# Any Advice for Newport, RI newbie?



## forfun (Apr 3, 2006)

I am going to Newport, RI (staying at Fairfield Newport at Newport Onshore #5155) April 28-May 5 for the very first time and am seeking any advice regarding 'must do's', 'don't bother's', etc.

Right now, plan -
1. To get a Guilded Age mansion pass
2. Go to Battleship Cove in Mass.
3.  Go to Mystic, CT
4.  Visit the American Musuem of Illustration
5.  Visit Cullinary Musuem in Providence 
6.  Visit Blithewold Mansion
7.  Visit the Tennis Hall of Fame
8.  Take a clipper ship ride, weather permitting.

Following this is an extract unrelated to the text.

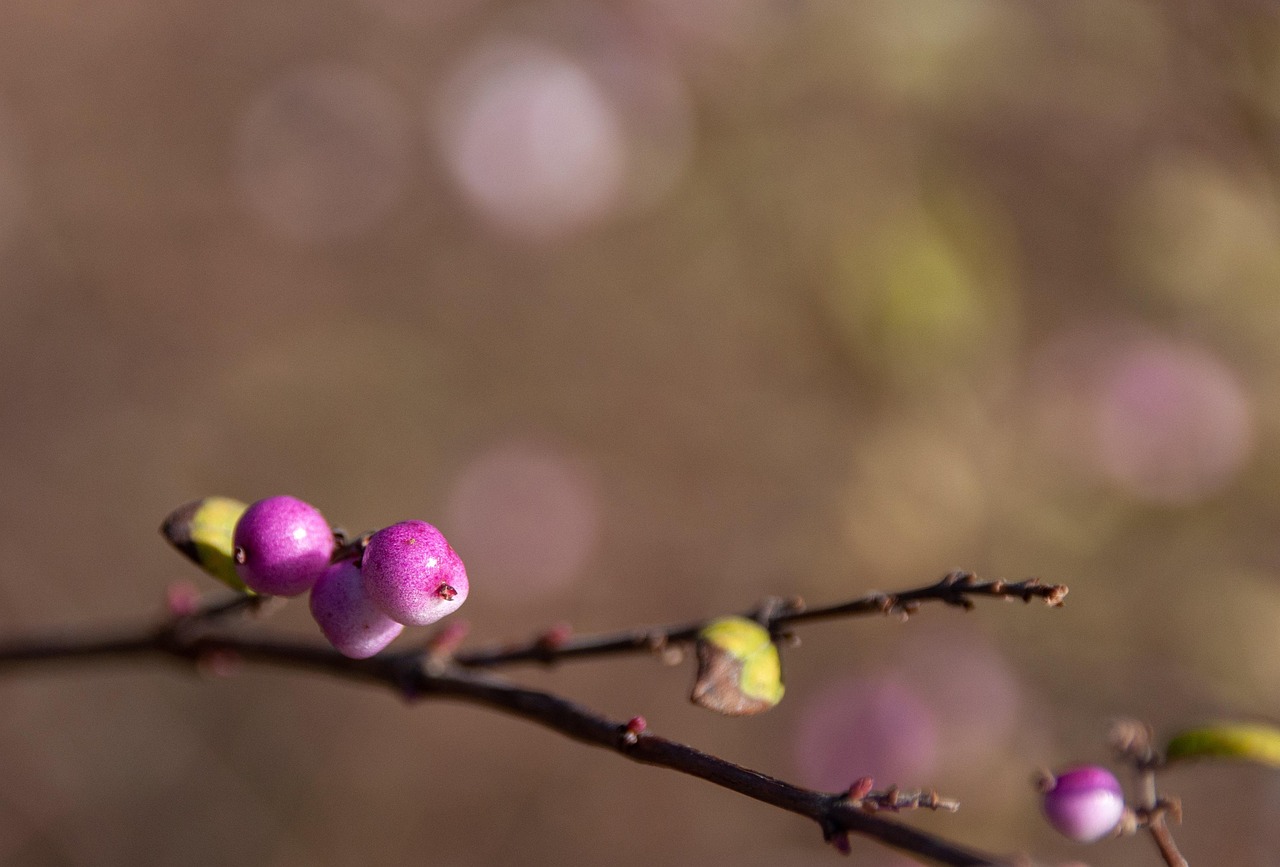 Berry Branch Plant - Free photo on Pixabay - Pixabay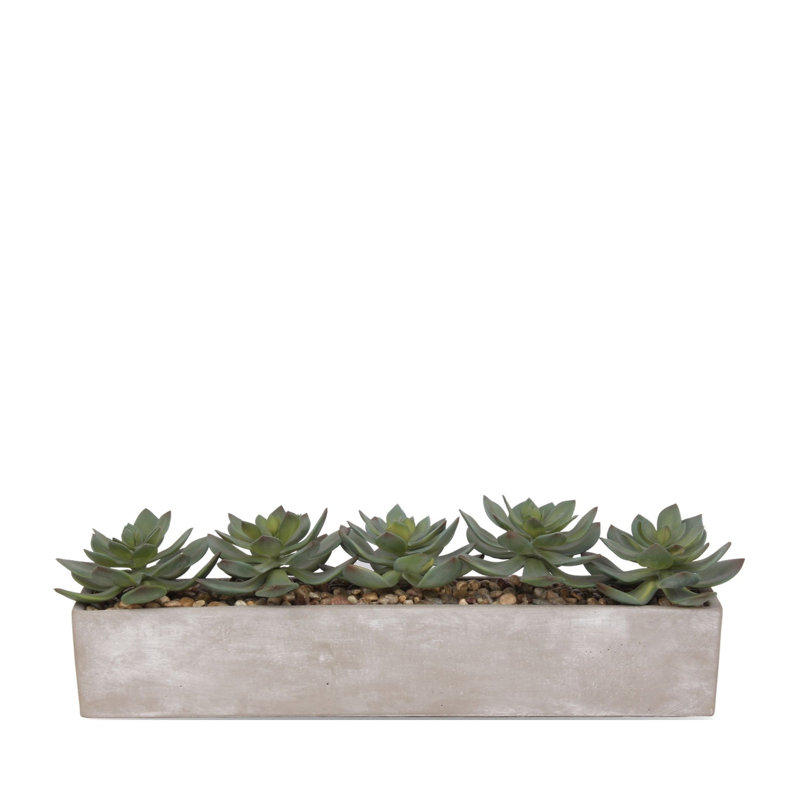 Gray Rectangular Pot with Silk Succulent Arrangement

Are there any discounts?  Any words of wisdom would be appreciated.


----------



## CMF (Apr 3, 2006)

*The White Horse Tavern*

This is a must stop for anyone that likes to raise a pint.  It is reputed to be America's oldest restaurant and tavern.

Charles


----------



## Spence (Apr 3, 2006)

Sounds like you have a plan!  I lived there several times, don't know where you're from but be advised that summer in Newport starts about 3Jul and extends to about 5Jul.  Bring appropriate clothing and don't go in the water.


----------



## susieq (Apr 3, 2006)

Another good place to eat is the Pub on Bowen's Wharf ~ both food & atmosphere are great!! Will be chilly down there during that time frame, if at all breezy. There certainly will be discounts available, especially for the Mansions, when you check in to your resort. It's a beautiful area, have a great Vacation!!


----------



## SailBadtheSinner (Apr 3, 2006)

*Newport, RI*

Just go here: http://www.captainvic.com/top100/capvt100.htm for what to see, eat & do.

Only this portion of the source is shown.